Gas-phase electron diffraction experiments show that the C-N bond in aniline (1.407 Å) is significantly shorter than in nitrobenzene (1.486 Å). It is known that the amino group is electron-donating and the nitro group is electron-withdrawing, and both substitution groups can effectively conjugate with benzene. Thus, it is puzzling why the C-N bond in nitrobenzene is even longer than the single C-N bond in methylamine (1.472 Å). In this work, we performed computations by strictly localizing the π electrons with the block-localized wavefunction (BLW) method, which is a variant of ab initio valence bond theory. Geometry optimizations of electron-localized states, where the conjugation over the C-N bond is quenched, show that the conjugation in nitrobenzene is only half of the conjugation in aniline. But even in optimal electron-localized states, the C-N bond in nitrobenzene is still 0.074 Å longer than in aniline. As a consequence, it is indeed not the π conjugation which is responsible for the disparity of the C-N bond distances in these systems. Instead, we demonstrated that the π-π repulsion, which is contributed by both Pauli exchange and electrostatic interaction, plays the key role in this "abnormal" behavior.

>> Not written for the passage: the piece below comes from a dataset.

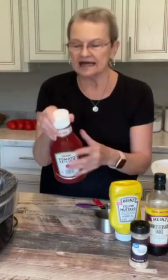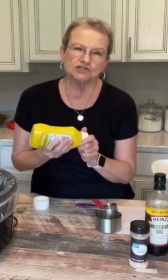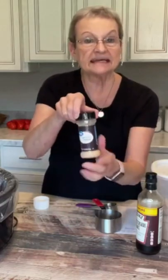I'm gonna start off with four cans of sauerkraut and I have drained them. I'm gonna add a 38 ounce bottle of ketchup. With the mustard, I'm gonna shoot for about a fourth of a cup. About a fourth of a cup of minced onion.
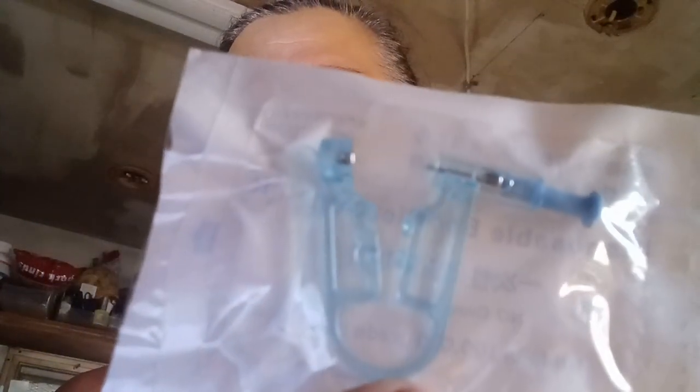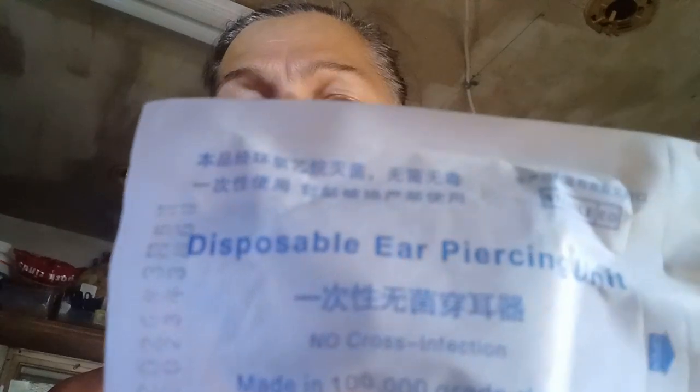Hi, it's Gail. So this crazy old lady is going to try to pierce her helix, which is over here. The professionals say do not do this with a gun. So I went ahead and bought this off of Temu — you can also get them off of Amazon. It is a disposable air piercing kit. It's probably going to hurt. It's pretty tough there. I'm crazy.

Notably, the π resonance within the nitro group generates a considerable dipole, which repels the π electrons in the benzene ring. The deactivation of the resonance within the nitro group significantly shortens the C-N bond by 0.06 Å. The unfavorable π-π electrostatic repulsion is further exemplified by N2O4. In fact, the destabilizing π-π repulsion is ubiquitous but largely neglected in conjugated systems where only the stabilizing conjugation is the focus. Experimental phenomena such as the C-N bond distances in aniline and nitrobenzene result from the balance of both stabilizing and destabilizing forces.